(Dataset records)
★ ★ ★

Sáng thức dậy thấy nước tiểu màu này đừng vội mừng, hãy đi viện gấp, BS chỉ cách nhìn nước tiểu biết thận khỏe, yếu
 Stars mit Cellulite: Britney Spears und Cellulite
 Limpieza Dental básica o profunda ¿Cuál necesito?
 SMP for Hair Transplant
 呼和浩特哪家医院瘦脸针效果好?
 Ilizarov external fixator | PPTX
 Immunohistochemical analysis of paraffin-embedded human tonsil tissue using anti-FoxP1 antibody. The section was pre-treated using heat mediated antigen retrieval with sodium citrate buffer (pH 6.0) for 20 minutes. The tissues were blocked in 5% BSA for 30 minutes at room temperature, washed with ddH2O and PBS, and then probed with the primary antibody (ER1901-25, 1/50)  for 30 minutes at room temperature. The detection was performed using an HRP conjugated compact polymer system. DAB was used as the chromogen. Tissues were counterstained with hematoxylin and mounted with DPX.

★ ★ ★

▶ [EXERCISE OBJECTIVE] Taking the entries above, print exactly the lines starting at the line with "Limpieza Dental básica" and ending at the line with "Ilizarov external fixator | PPTX", both included.

▶ [RESULT BELOW]
 Limpieza Dental básica o profunda ¿Cuál necesito?
 SMP for Hair Transplant
 呼和浩特哪家医院瘦脸针效果好?
 Ilizarov external fixator | PPTX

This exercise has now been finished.